In an ordinary kaleidoscope, beads and mirrors are responsible for forming the pattern. Turning the tube changes the position of the beads, and consequently the pattern, but not the structure (always square or triangular), because the mirrors are fixed.

Generative AI (e.g., large language models) can be imagined in exactly the same way, only the beads are “meanings”, and the mirrors dynamically adjust to the prompt, reflecting whatever comes into their field of view. The mirrors have an unusual surface — a microscopic pattern, which can be imagined as a multitude of rhinestones.

Following this abstraction and considering the physical processes inside an ordinary kaleidoscope, we get the following concept.

Model Architecture

A tunnel with mirror rings (layers) inserted one after another. These rings are non-uniform and form the surface of the tunnel. At the end of the tunnel, there is a space for the beads.

At the initial stage, developers determine the number of rings, their diameter, and the order of their placement inside the tunnel. Initially, the mirror surface of the rings is smooth; they reflect nothing.

The Training Process

Pebbles (data/texts) are put through a “crusher” to extract embedded meanings. After this, these meanings become beads — certain “geometric shapes.” Before falling into the common pile (the lake), the beads, like hail, strike the mirrors of the tunnel and leave their imprint on them. Thus, the mirrors are gradually calibrated to the shape of the beads. One could say that the beads form imprints (rhinestones) on the mirror surface, growing under the flow of meanings like frost crystals.

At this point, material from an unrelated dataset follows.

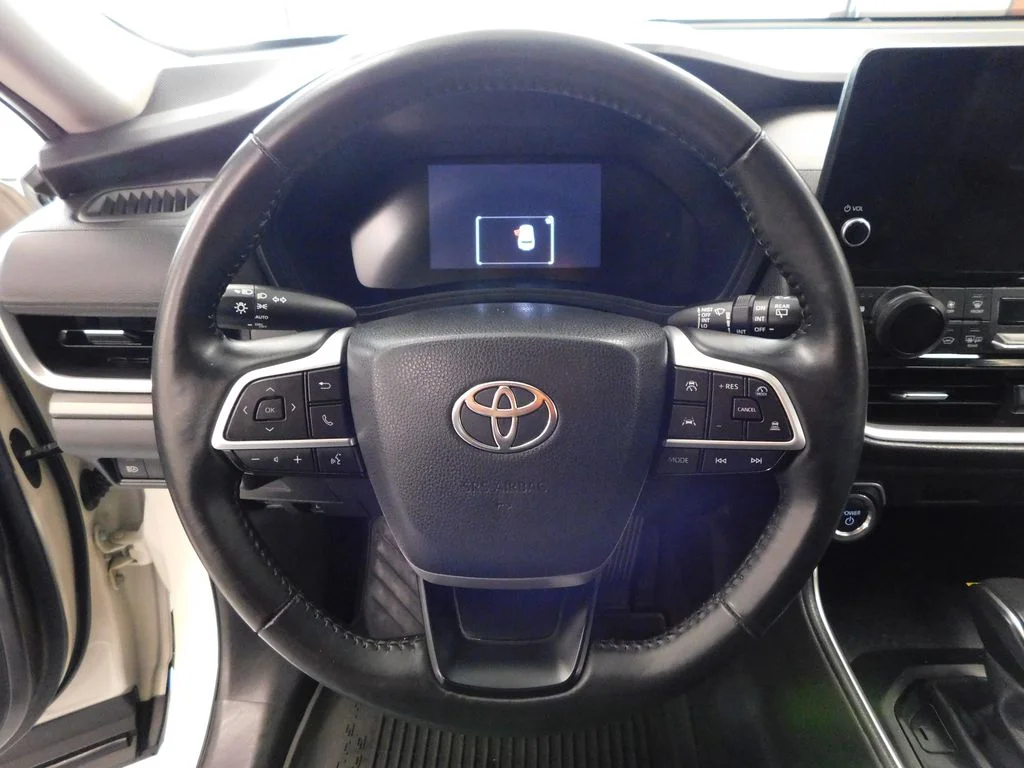Used 2024 Cream Toyota XLE image 20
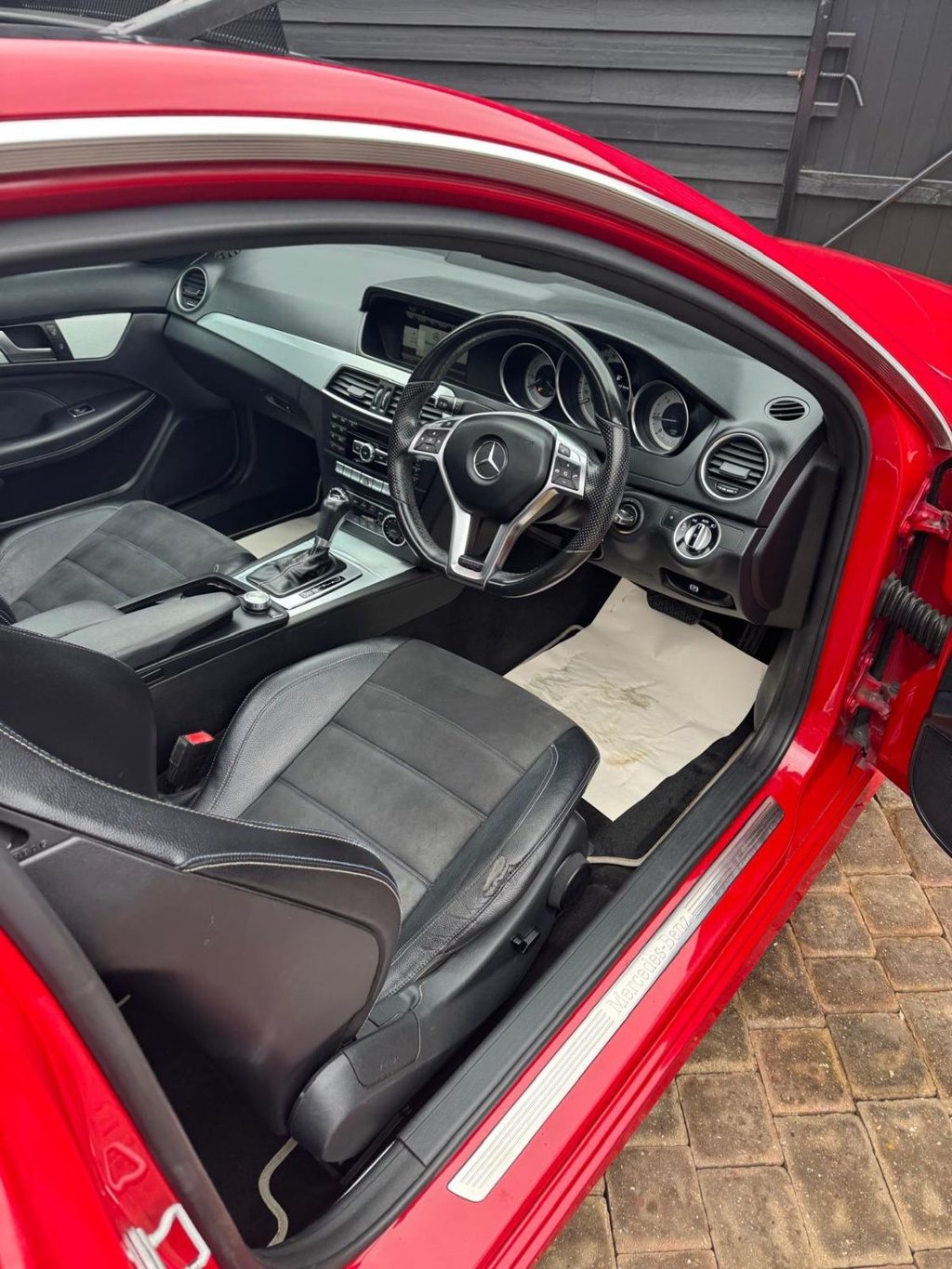 Used Mercedes-Benz C Class 2015 for sale - 78056400: Photo 9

The crusher is started again and again, feeding the same pebbles as input, but the blades of this crusher are self-sharpening. They become sharper each time, the pattern on the mirrors becomes finer, and the beads in the lake are replaced by more multifaceted ones. In the final stages, the blades become so sharp and precise that they cut away everything superfluous from the beads down to the tiniest dust particles on the first try, leaving only pure facets.

If initially there are more of certain pebbles, for example, red ones, than others (green ones), or if they are larger, then the resulting number of beads will be proportional. This is how a knowledge bias occurs when certain shades begin to dominate in the kaleidoscope’s patterns.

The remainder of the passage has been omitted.